A bowel resection is a medical procedure in which the diseased portion of the colon is removed and the healthy ends of the colon are reattached to one another. Proper care should be taken afterward in order to lessen the chance of developing severe complications following the procedure. Post-operative care after a bowel resection often includes the use of prescription medications, proper wound care, and lifestyle and dietary modifications. It is normal for the patient to remain in the hospital for several days after a bowel resection.
While recovering from the surgery, the patient will be given pain medications through a small tube, known as an IV, which is inserted into a vein prior to the procedure.
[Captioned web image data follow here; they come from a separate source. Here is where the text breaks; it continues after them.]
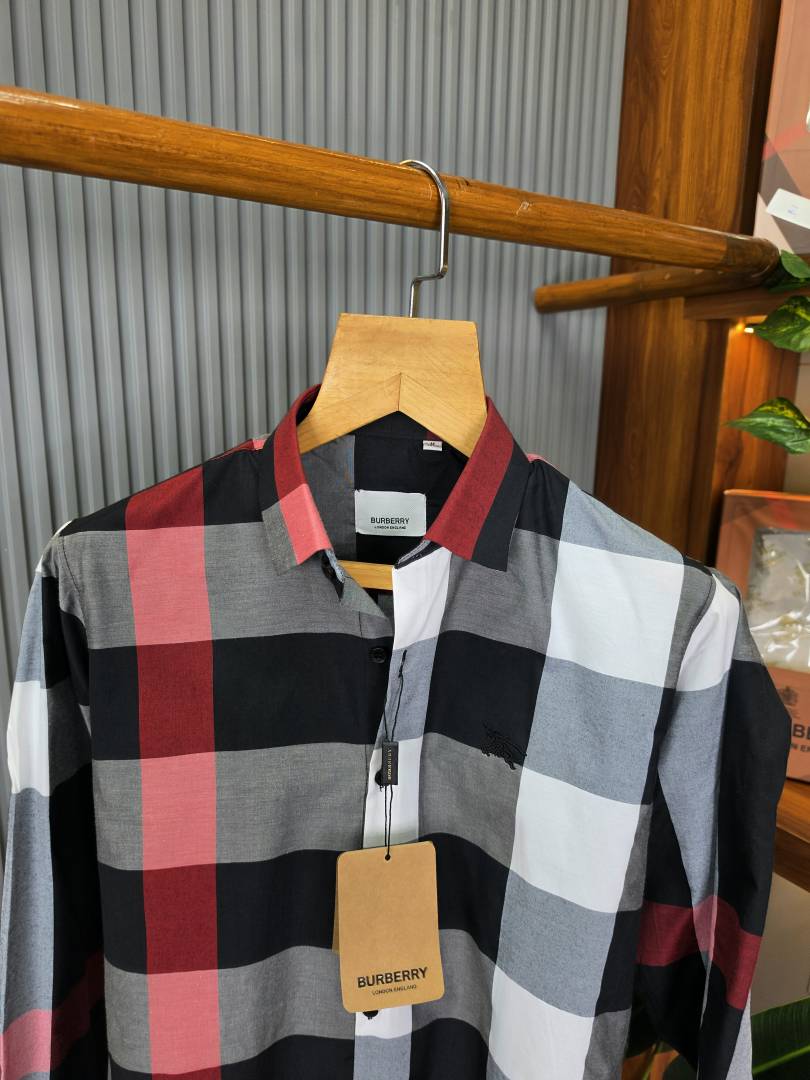 Burberry Check Pattern Shirt T08 4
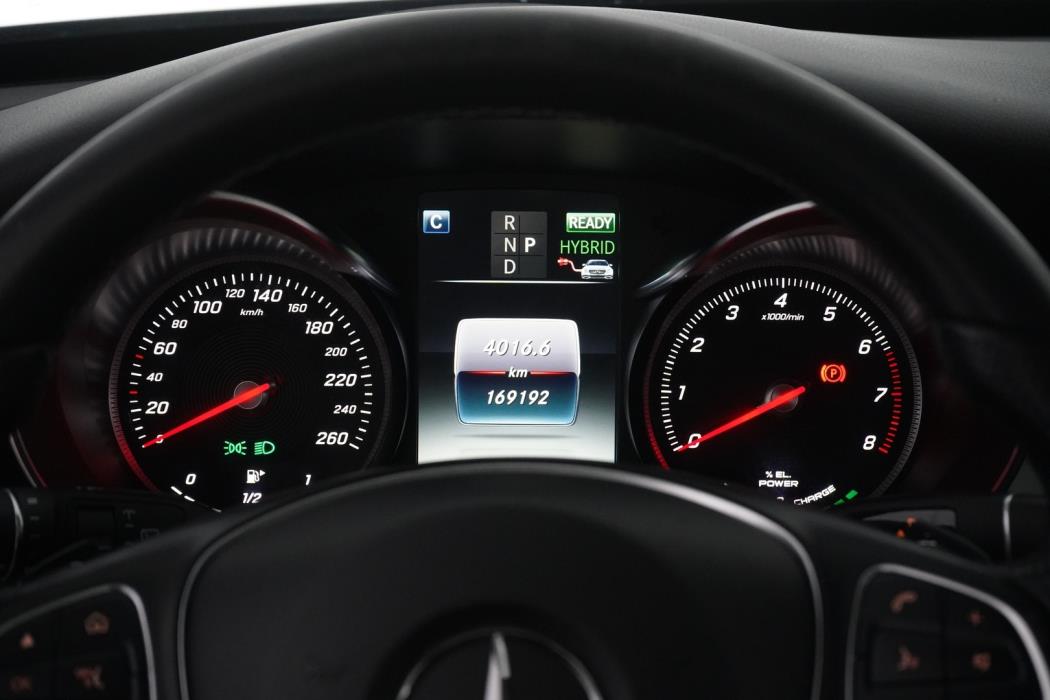 MERCEDES-BENZ C 2018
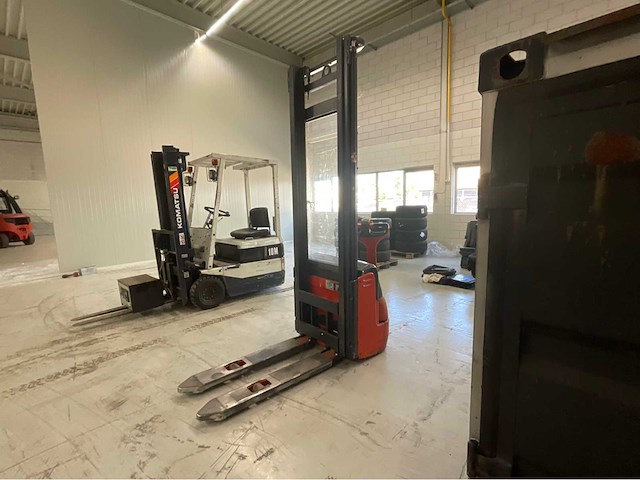 2002 linde l10 stapelaar - afbeelding 1 van  7
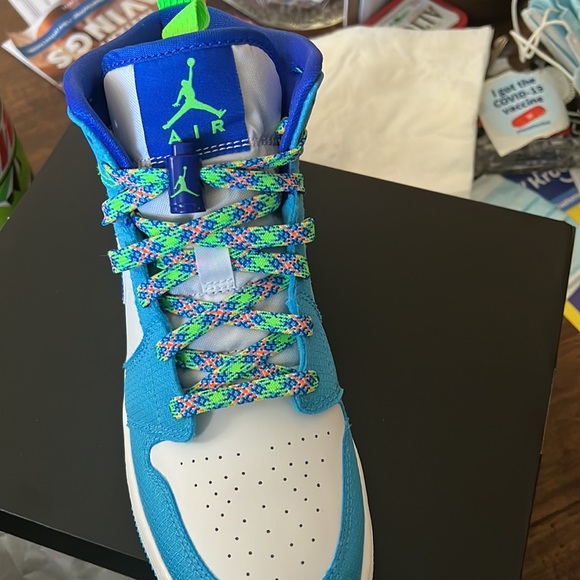 Brand new Jordan ones - Picture 2 of 3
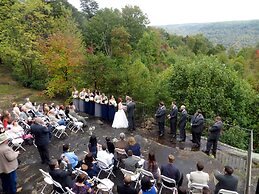 Garden Inn Bed & Breakfast at Bee Rock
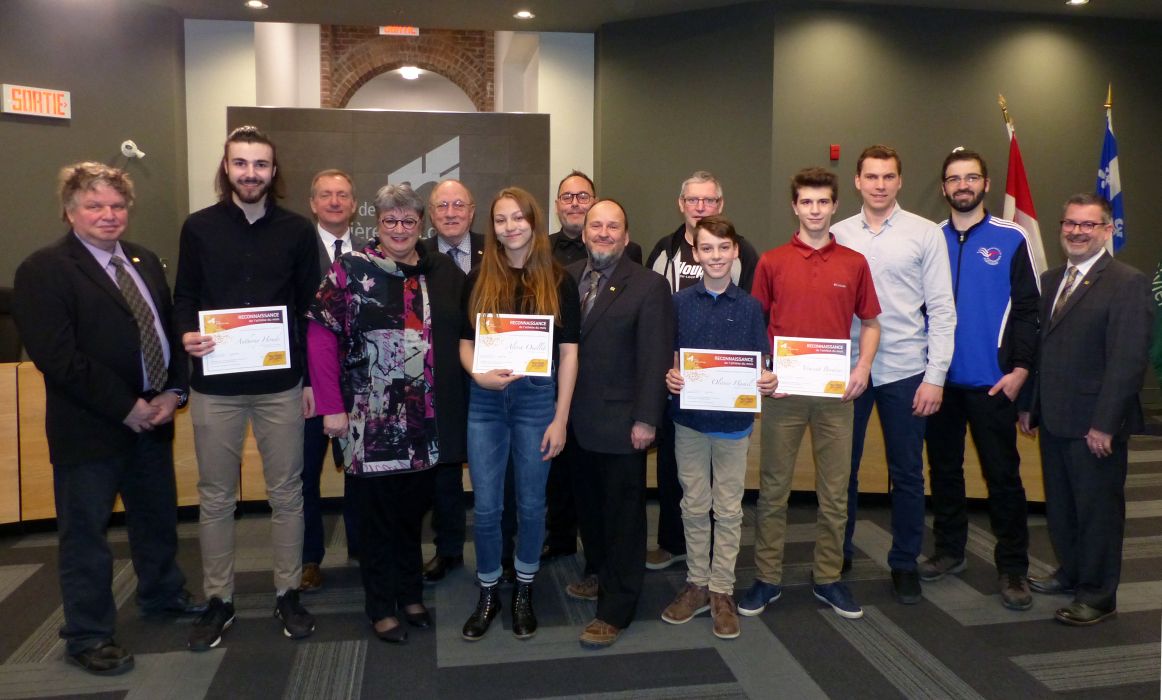 La Ville de RivièreduLoup et la Commission sportive reconnaissent les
Antibiotics may be given in this manner after a bowel resection as well. The IV is typically left in the vein until the patient is able to successfully tolerate solid foods, as fluids will be introduced into the body through this tube. As soon as the patient is determined to be stable following the procedure, he will be moved into a hospital room for further monitoring and evaluation.
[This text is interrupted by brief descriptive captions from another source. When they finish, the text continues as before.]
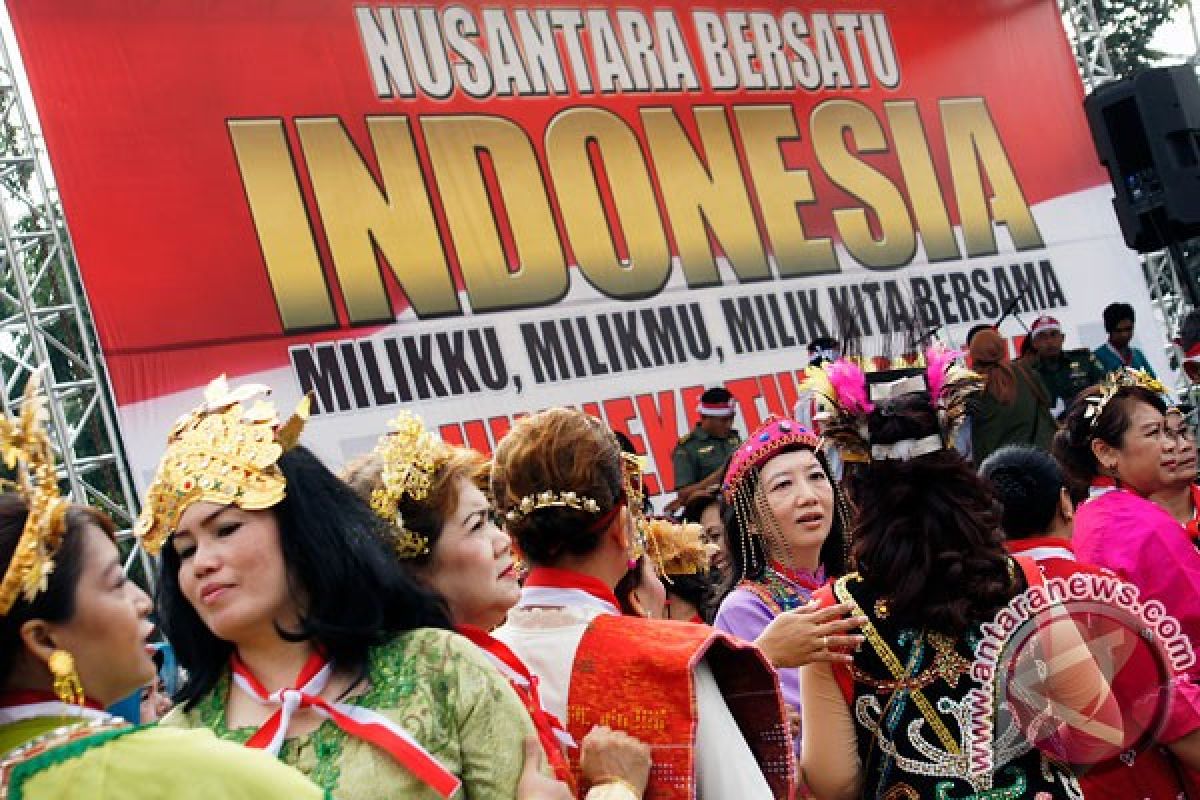 Kesenian tradisional ramaikan Apel Nusantara Bersatu di Magelang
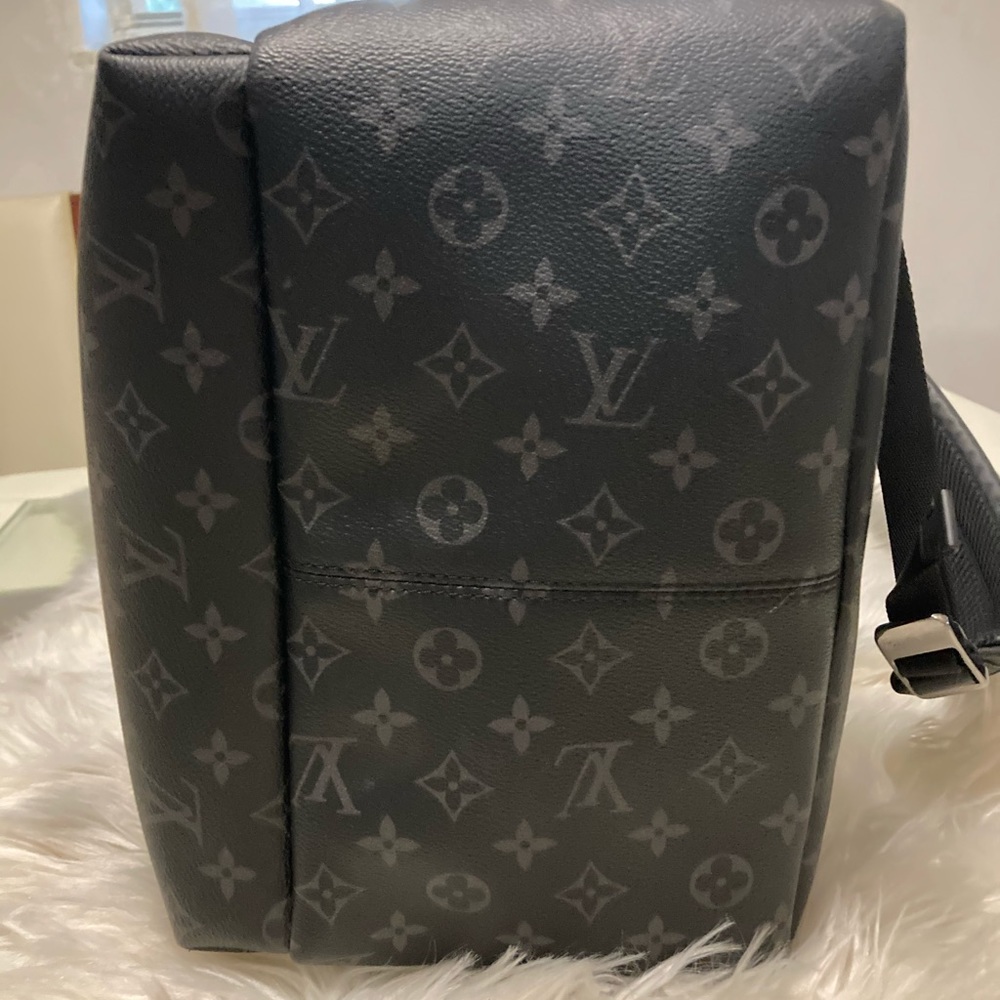 Louis Vuitton Monogram Eclipse Discovery - image 6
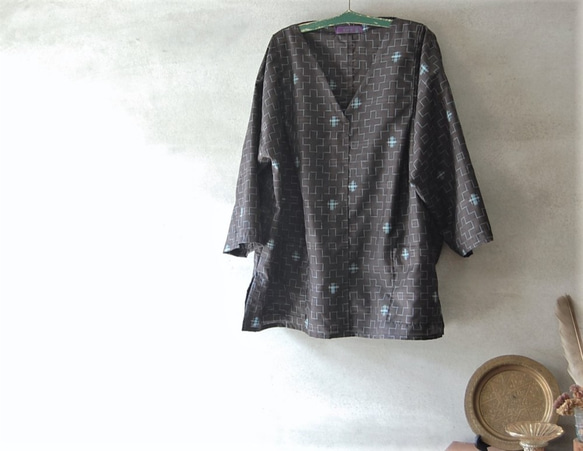 大島紬　十字柄のチュニック　着物リメイク 2枚目の画像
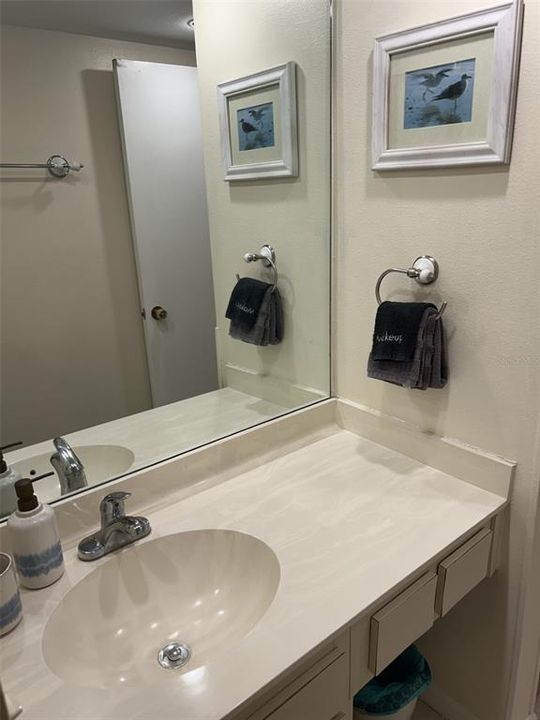 For Rent: $7,000 (2 beds, 2 baths, 1050 Square Feet)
The patient will not be allowed to have anything to eat or drink until after the medical staff is certain that the bowels are functioning properly, usually after a bowel movement has occurred. Liquids are then introduced, followed by a slow progression to solid foods as tolerated by the patient. In most cases, the patient is encouraged to get out of bed and move around on the same day as the surgery. This helps bowel habits to return to normal after a bowel resection.
The medical staff will provide the patient with detailed instructions on what to do when at home after a bowel resection. Pain medications may be needed for a while after the patient returns home, although over-the-counter pain relievers often provide sufficient pain relief. Dietary changes are typically recommended, including adding extra fiber and water. The patient should avoid any lifting until cleared by the doctor to do so.
Complications are rare after a bowel resection, but any questions or concerns should be discussed with a doctor. If the surgical wound becomes red or warm to the touch, a doctor should be notified. The patient should also report symptoms such as increased pain levels, pus draining from the site of the incision, or an elevated temperature. These could be signs of a potential infection and need to be medically addressed right away.